**Task details:** Please write out the data exactly, line by line.

═════ Available data

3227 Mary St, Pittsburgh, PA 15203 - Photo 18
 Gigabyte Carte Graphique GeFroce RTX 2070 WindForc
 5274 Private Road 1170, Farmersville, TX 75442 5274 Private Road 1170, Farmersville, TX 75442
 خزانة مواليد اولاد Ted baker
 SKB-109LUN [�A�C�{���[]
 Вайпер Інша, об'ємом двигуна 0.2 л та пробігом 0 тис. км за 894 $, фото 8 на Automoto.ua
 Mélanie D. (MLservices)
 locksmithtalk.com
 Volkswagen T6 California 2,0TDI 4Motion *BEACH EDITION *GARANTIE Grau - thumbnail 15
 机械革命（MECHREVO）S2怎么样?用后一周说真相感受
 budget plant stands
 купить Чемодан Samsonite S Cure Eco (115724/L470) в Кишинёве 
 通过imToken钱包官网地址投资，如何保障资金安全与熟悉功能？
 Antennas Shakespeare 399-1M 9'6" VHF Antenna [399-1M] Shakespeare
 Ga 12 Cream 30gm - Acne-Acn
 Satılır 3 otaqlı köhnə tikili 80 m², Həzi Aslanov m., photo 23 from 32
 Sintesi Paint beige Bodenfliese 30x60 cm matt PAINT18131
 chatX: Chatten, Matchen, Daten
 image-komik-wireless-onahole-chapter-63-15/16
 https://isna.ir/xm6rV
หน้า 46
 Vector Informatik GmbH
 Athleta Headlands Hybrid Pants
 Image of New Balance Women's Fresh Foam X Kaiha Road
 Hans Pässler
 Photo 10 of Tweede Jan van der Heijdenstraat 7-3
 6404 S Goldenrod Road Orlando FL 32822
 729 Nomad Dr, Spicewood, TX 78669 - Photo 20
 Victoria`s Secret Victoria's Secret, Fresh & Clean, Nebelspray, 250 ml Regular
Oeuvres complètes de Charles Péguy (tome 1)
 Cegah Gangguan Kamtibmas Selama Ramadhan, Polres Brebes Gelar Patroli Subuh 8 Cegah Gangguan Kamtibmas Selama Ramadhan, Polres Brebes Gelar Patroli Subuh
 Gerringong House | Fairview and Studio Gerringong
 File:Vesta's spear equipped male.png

══════════

**Result of this exercise:**
3227 Mary St, Pittsburgh, PA 15203 - Photo 18
 Gigabyte Carte Graphique GeFroce RTX 2070 WindForc
 5274 Private Road 1170, Farmersville, TX 75442 5274 Private Road 1170, Farmersville, TX 75442
 خزانة مواليد اولاد Ted baker
 SKB-109LUN [�A�C�{���[]
 Вайпер Інша, об'ємом двигуна 0.2 л та пробігом 0 тис. км за 894 $, фото 8 на Automoto.ua
 Mélanie D. (MLservices)
 locksmithtalk.com
 Volkswagen T6 California 2,0TDI 4Motion *BEACH EDITION *GARANTIE Grau - thumbnail 15
 机械革命（MECHREVO）S2怎么样?用后一周说真相感受
 budget plant stands
 купить Чемодан Samsonite S Cure Eco (115724/L470) в Кишинёве 
 通过imToken钱包官网地址投资，如何保障资金安全与熟悉功能？
 Antennas Shakespeare 399-1M 9'6" VHF Antenna [399-1M] Shakespeare
 Ga 12 Cream 30gm - Acne-Acn
 Satılır 3 otaqlı köhnə tikili 80 m², Həzi Aslanov m., photo 23 from 32
 Sintesi Paint beige Bodenfliese 30x60 cm matt PAINT18131
 chatX: Chatten, Matchen, Daten
 image-komik-wireless-onahole-chapter-63-15/16
 https://isna.ir/xm6rV
หน้า 46
 Vector Informatik GmbH
 Athleta Headlands Hybrid Pants
 Image of New Balance Women's Fresh Foam X Kaiha Road
 Hans Pässler
 Photo 10 of Tweede Jan van der Heijdenstraat 7-3
 6404 S Goldenrod Road Orlando FL 32822
 729 Nomad Dr, Spicewood, TX 78669 - Photo 20
 Victoria`s Secret Victoria's Secret, Fresh & Clean, Nebelspray, 250 ml Regular
Oeuvres complètes de Charles Péguy (tome 1)
 Cegah Gangguan Kamtibmas Selama Ramadhan, Polres Brebes Gelar Patroli Subuh 8 Cegah Gangguan Kamtibmas Selama Ramadhan, Polres Brebes Gelar Patroli Subuh
 Gerringong House | Fairview and Studio Gerringong
 File:Vesta's spear equipped male.png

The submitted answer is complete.